How do I rebalance the uneven shard distribution in my Amazon Elasticsearch Service cluster?

Last updated: 2020-08-07

The disk space in my Amazon Elasticsearch Service (Amazon ES) domain is unevenly distributed across the nodes. As a result, the disk usage is heavily skewed. How do I rebalance my node distribution?

Short description

Disk usage can be heavily skewed because of the following reasons:

  • Uneven shard sizes in a cluster. Although Amazon ES evenly distributes the number of shards across nodes, varying shard sizes can require different amounts of disk space.
  • Available disk space on a node. (For more information, see Disk-based shard allocation on the Elasticsearch website.)
    Incorrect shard allocation strategy. (For more information, see Demistifying Elasticsearch shard allocation.)
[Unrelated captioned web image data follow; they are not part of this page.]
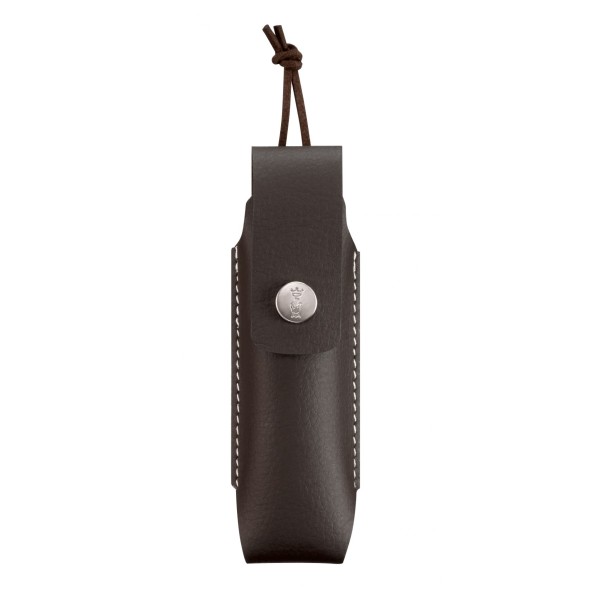 Puzdro na nôž OPINEL Alpine, kožené - hnedé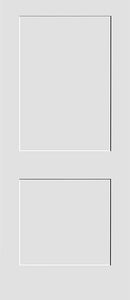Shaker Doors 2 Panel Primed 90" Tall-1
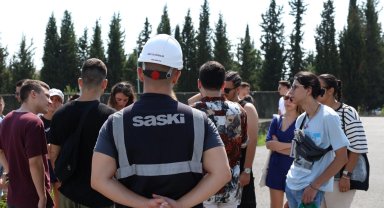 Sakarya'da Erasmus öğrencilerine Atık Su Arıtma tesisi tanıtıldı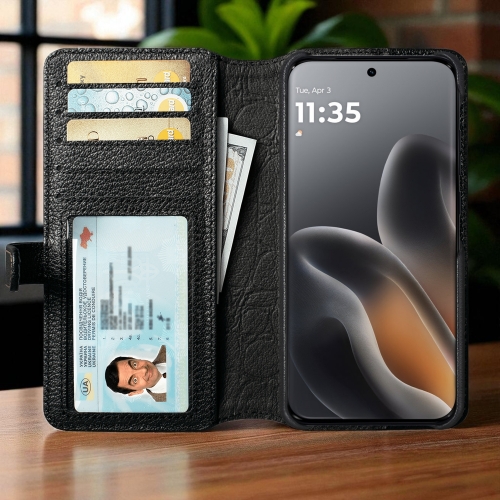 чехол-кошелек на Motorola Edge 70 Fusion Черный Stenk Premium Wallet фото 2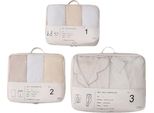 Inf Set Di 6 Cubi Organizer Da Viaggio - Borse Per Valigie Salvaspazio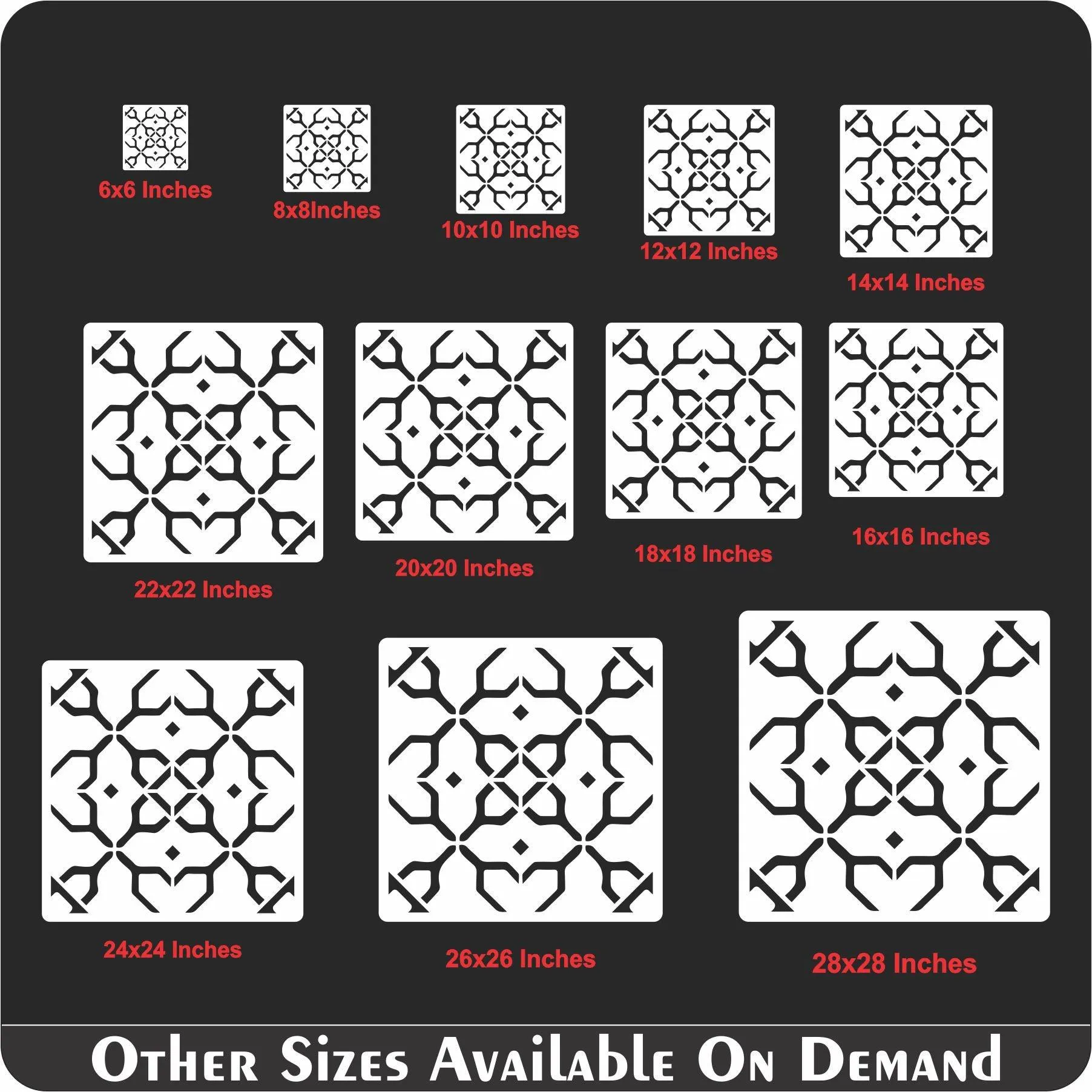 Brocatelle Pattern Reusable Stencil For Canvas And Wall Painting.ID#190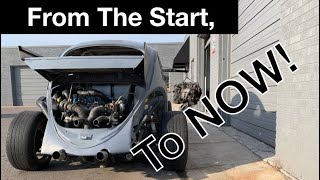 Honda power  Toyota Chassis  VW Bug Build [upl. by Eak]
To rebalance the shard allocation in your Elasticsearch cluster, consider the following approaches:

  • Check the shard allocation, shard sizes, and index sharding strategy.
  • Be sure that shards are of equal size across the indices.
  • Keep shard sizes between 10 GB to 50 GB for better performance.
  • Add more data nodes to your Elasticsearch cluster.
  • Update your sharding strategy.
  • Delete the old or unused indices to free up disk space.

Resolution

Check the shard allocation, shard sizes, and index sharding strategy

To check the number of shards allocated to each node and the amount of disk space used on each node, use the following API:

$ curl -XGET ES_Endpoint/_cat/allocation?v

To check the shards allocated to each node and the size of each shard, use the following API:

$ curl -XGET ES_Endpoint/_cat/shards?v

Note: This API shows that the size of shards can vary for different indices.

The uneven sharding strategy for indices can cause data skewness, where shards of bigger indices reside on only a few nodes. Check the sharding strategy for indices using the following API:

$ curl -XGET ES_Endpoint/_cat/indices?v

Be sure that shards are of equal size across the indices

If the index size varies significantly, use the rollover index API to create a new index when certain index sizes are reached. Or, you can use the Index State Management (ISM) to create a new index for Amazon ES versions 7.1 and later. For more information about rolling an alias using ISM, see rollover on the Elasticsearch website.

Keep shard sizes between 10 GB to 50 GB for better performance

If you have a large class of instances, use the Petabyte scale for Amazon Elasticsearch Service to determine shard sizes. For example, an Amazon ES domain with several i3.16xlarge.elasticsearch instances can support shard sizes of up to 100 GB because there are more resources available. For more information about sharding strategy, see Choosing the number of shards.

Add more data nodes to your Elasticsearch cluster

If your Elasticsearch cluster has reached high disk usage levels, then add more data nodes to your cluster. The addition of data nodes also adds more resources to improve cluster performance.

Note: Amazon ES doesn't automatically rebalance the cluster if there's a lack of available storage space. As a result, if a data node runs out of free storage space, the cluster blocks any writes. For more information about disk space management, see How do I add storage space to an Amazon Elasticsearch Service (Amazon ES) domain?

Update your sharding strategy

By default, Amazon ES has a sharding strategy of 5:1, where each index is divided into five primary shards. Within each index, each primary shard also has its own replica. Amazon ES automatically assigns primary shards and replica shards to separate data nodes, making sure that there's a backup in case of failure.

To modify Amazon ES default behavior, design your indices so that shards are distributed equally by size:

  • For existing indices, use the reindex API to change the number of primary shards. The _reindex API can be used to merge smaller indices into a bigger index, or it can be used to split up the bigger index. When the bigger index is split into more primary shards, the shard sizes are decreased.
  • For new indices, use the template API to define the number of primary and replica shards.

Then, update the indices settings for your shards. For more information, see Update indices settings on the Elasticsearch websites.

Delete the old or unused indices to free up disk space

Amazon ES versions 7.1 and later support Index State Management. With ISM, you can define custom management policies so that old or unused indices are deleted after an established duration.